Transistors were in fact first used in hearing aids, which provided a commercial driver to move the technology forward. The quantum computing world is now looking for an equivalent small-scale commercial application that can provide momentum while it strives towards the long-term goal of combining thousands of qubits together and building a system that can outperform existing computers.

“Having a near-term commercial problem to solve will help a great deal,” says Dr Dzurak. “This doesn’t mean things won’t get done though. There are certainly investments from around the world by national governments and research agencies that realise quantum computing is something to work towards.”

Regardless of which type of technology wins in the end, future quantum computers may solve a broad range of problems across several industries. Pharmaceutical firms, for example, could use these systems to model or simulate molecules or structures for new medicines.

“Existing computers are not able to solve those problems; once a molecule gets larger than 20 or so atoms that make it up, it becomes computationally too difficult for even our largest supercomputers to solve,” says Dr Dzurak. “That’s where quantum computers will be ideally suited to simulate these types of natural physical systems.

“A pharmaceutical designer could sit in front of their computer, move atoms around and try out ideas – for example how molecules interact with each other.

"That’s a wonderful dream to have, to be able to design medicines on a computer rather than to run countless medical trials for years and years. Of course the final drug would still need a proper trial, but many years could be saved in the process.”

The manufacturing industry may also use quantum computers for complex calculations that could help engineers design new lightweight materials that may, for example, enable aircraft to fly longer distances using less energy, says Dr Dzurak.

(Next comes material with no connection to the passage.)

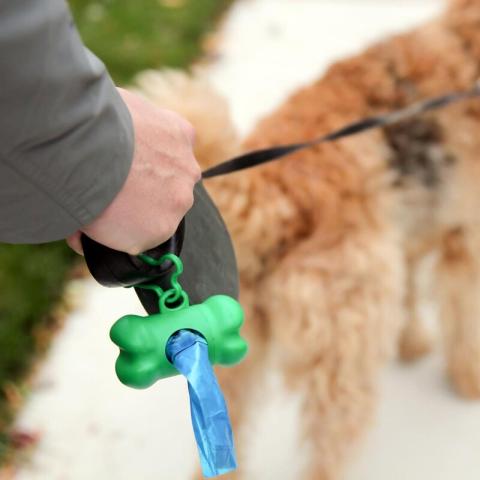 honden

There may also be applications in the field of artificial intelligence. It’s possible quantum computers could simulate the complex processes that occur inside the human brain, he says, although he emphasises that this is just speculating.

“There’s a very good likelihood that within five years a small-scale quantum computing system would be able to solve a particular problem that currently can’t be solved with the biggest super computer on the planet,” Dr Dzurak concludes.

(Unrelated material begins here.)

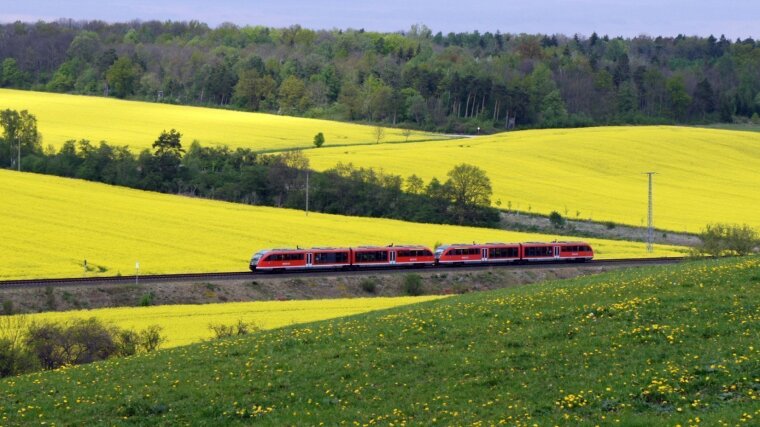 Nahverkehrszug vor blühenden Rapsfeldern.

The first quantum machines

D-Wave has built what it claims to be the first and only commercially available quantum computers already being used by a range of organisations including Lockheed Martin.

The American aerospace and defence firm uses a D-Wave quantum machine to speed up software verification and validation of its flight control systems. “These are incredibly complex systems and testing the software is often the largest optimisation problem in a new aircraft project,” says D-Wave’s CEO Vern Brownell. “Lockheed has been using a D-Wave system to find faster, better ways to do this.”

NASA is also using the manufacturer’s quantum technology to search for new planets outside our solar system that might harbour life. Google, meanwhile, is exploring machine learning to build more accurate models for everything from speech recognition to bioinformatics, Brownell says.

“The D-Wave is best suited to tackle challenges in big data analytics, machine learning and complex optimisation problems – all of which exist in many different domains such as mission planning, pattern recognition and anomaly detection, cancer research and finance,” he claims.

One of the company’s goals is to make quantum computing accessible more broadly through the cloud. “Quantum computers can complement traditional computers and we envision a model where problems best solved by a quantum computer will be sent through the cloud to a system a returned to the user,” Brownell says.

An important part of D-Wave’s development is its roadmap, which has been created over the past decade. According to Brownell, the company’s systems are matching and in some cases surpassing the performance of state-of-the-art classical computers that have been painstakingly developed for over 60 years and reaped trillions of dollars in investment.

“We continue to refine and innovate our processor and are planning to release the next 1000 qubit processor later this year,” he adds.